• **What you should do**
Repeat the whole listing word for word, skipping pictures.

• **Recorded information**
-- Opening Marker --
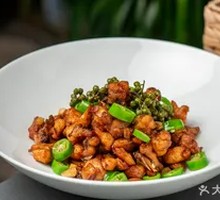 Sichuan Pepper Chicken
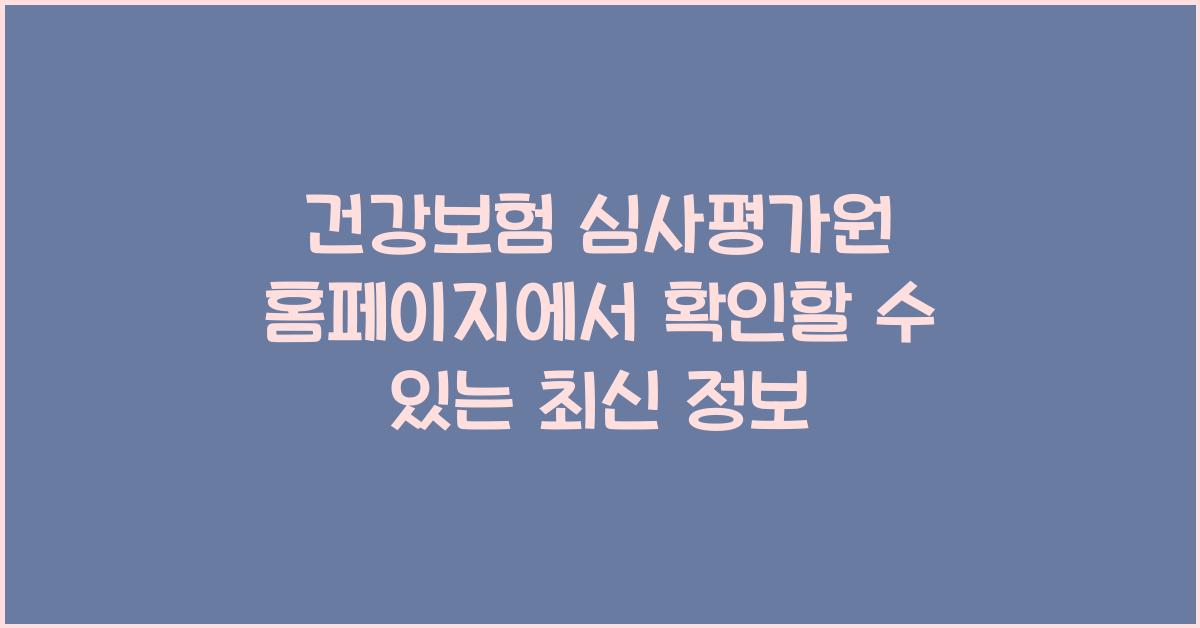 건강보험 심사평가원 홈페이지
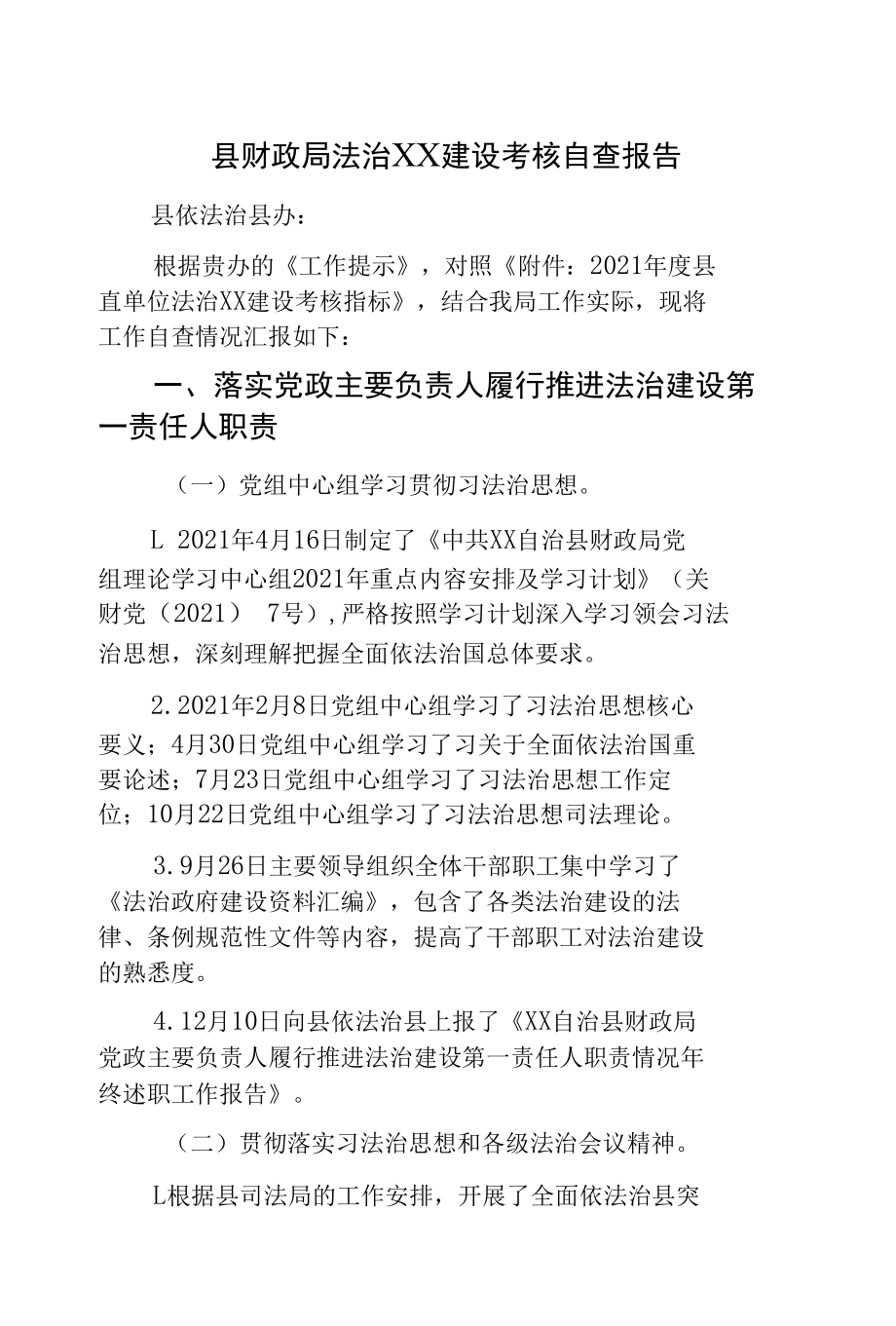 县财政局法治XX建设考核自查报告.docx_第1页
-- Closing Marker --
• **Result for this task**
 Sichuan Pepper Chicken
 건강보험 심사평가원 홈페이지
 县财政局法治XX建设考核自查报告.docx_第1页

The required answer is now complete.